Comparable models: Wales and Scotland
When setting the wider political and constitutional context for a discussion on devolving broadcasting powers to NI, the closest comparisons that need to be addressed are the examples of Wales and Scotland. Like NI, these are constituent countries of the United Kingdom, each with varying levels of self-governance under the terms of devolution that occurred under the New Labour government (1997–2010) during the late 1990s. Both these countries had their devolved powers enacted on 1 July 1999, some 5 months before the NI Assembly (UK Parliament, 2014). Like NI, neither Scotland nor Wales has yet had broadcasting powers devolved.

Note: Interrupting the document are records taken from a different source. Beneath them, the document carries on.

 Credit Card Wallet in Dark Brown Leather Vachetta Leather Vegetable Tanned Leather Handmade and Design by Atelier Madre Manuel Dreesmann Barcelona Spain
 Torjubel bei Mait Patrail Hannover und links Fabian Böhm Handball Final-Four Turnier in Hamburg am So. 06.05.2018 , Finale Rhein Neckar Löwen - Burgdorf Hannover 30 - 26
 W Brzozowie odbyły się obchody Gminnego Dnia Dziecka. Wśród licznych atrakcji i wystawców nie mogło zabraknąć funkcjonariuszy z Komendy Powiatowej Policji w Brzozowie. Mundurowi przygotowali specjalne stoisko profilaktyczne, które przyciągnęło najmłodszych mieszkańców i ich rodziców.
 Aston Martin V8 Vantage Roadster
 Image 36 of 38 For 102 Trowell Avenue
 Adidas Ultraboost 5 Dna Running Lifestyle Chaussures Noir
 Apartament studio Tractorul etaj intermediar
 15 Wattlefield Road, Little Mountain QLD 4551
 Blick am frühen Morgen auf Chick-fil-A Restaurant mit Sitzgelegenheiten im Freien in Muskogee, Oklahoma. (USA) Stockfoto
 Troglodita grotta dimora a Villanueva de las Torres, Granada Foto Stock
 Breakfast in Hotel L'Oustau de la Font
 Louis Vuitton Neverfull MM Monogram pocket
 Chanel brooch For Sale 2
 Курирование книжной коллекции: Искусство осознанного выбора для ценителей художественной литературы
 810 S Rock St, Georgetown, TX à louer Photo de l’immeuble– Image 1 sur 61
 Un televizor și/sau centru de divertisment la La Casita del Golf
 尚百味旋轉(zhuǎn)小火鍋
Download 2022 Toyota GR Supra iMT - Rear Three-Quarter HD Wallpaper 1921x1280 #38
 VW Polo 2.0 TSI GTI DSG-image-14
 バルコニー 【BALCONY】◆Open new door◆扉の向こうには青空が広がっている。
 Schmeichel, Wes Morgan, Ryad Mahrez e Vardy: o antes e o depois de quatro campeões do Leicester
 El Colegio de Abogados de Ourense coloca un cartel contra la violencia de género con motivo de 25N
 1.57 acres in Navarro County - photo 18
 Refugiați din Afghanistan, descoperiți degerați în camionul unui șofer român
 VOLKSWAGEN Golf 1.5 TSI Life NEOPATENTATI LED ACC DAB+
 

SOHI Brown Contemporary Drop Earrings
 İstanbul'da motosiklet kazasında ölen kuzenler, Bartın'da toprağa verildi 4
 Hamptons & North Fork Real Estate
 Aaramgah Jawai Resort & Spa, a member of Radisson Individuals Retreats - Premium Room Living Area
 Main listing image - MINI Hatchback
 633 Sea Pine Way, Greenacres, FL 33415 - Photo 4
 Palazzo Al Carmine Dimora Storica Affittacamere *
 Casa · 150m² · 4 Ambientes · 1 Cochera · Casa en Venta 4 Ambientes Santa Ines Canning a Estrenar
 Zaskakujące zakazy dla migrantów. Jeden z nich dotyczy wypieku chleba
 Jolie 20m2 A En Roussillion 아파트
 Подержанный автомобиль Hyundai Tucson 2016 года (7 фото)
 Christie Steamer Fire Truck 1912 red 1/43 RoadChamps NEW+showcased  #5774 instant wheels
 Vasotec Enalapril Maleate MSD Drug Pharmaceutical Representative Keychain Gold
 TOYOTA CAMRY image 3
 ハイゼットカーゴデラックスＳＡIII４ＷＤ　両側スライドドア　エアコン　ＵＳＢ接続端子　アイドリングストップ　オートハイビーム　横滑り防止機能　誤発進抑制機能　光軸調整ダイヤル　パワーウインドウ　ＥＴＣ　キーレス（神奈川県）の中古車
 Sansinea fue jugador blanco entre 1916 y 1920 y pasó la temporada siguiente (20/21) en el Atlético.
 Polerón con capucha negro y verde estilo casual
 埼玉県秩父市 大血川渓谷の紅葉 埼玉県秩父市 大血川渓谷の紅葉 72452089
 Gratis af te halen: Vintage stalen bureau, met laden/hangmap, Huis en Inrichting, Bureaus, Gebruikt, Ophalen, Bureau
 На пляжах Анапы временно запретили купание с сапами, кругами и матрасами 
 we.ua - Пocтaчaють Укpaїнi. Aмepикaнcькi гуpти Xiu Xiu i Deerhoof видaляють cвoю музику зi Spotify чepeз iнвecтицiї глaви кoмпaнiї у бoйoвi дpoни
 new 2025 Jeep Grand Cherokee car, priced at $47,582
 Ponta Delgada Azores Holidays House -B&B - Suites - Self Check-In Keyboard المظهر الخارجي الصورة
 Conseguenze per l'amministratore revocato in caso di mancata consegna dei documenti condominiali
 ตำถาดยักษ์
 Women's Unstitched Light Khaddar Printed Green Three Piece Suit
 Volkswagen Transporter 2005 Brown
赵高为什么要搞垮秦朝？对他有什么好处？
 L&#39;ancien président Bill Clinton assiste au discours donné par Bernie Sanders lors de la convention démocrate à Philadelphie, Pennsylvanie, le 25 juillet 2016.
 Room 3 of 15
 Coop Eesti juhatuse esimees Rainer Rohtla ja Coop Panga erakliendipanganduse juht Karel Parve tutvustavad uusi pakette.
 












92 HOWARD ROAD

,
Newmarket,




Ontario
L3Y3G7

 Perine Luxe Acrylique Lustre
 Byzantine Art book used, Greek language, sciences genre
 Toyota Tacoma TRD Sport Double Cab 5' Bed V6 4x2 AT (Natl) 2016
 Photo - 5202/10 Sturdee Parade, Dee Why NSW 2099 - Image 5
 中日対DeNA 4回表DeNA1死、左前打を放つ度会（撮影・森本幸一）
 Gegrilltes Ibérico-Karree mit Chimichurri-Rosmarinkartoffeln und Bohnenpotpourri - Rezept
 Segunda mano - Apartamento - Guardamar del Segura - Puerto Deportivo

In the case of Wales, the regional legislature is the National Assembly for Wales, while the Welsh Government is the executive branch. This separation of powers was established by the Government of Wales Act 2006, while a referendum in 2011 led to the Welsh Assembly gaining new law-making powers in 20 areas (UK Government, 2014c). These 20 areas amount to a ‘conferred powers’ model (Commission on Devolution in Wales, n.d.), but while one of these areas is culture, broadcasting is an exception. The Richard Commission (established in 2002) and the Silk Commission (established in 2011) both addressed the issue of devolution in Wales. The Richard Commission failed to recommend the devolution of broadcasting powers (Commission on the Powers and Electoral Arrangements of the National Assembly for Wales, 2004: 250). While the Commission did note that the Department for Culture, Media and Sport (DCMS) enabled an Ofcom presence and advisory committee in Wales, ‘the right to appoint a member of the Ofcom Board or a statutory duty on Ofcom to consult the Assembly’ (Commission on the Powers and Electoral Arrangements of the National Assembly for Wales, 2004: 99–100) was not secured.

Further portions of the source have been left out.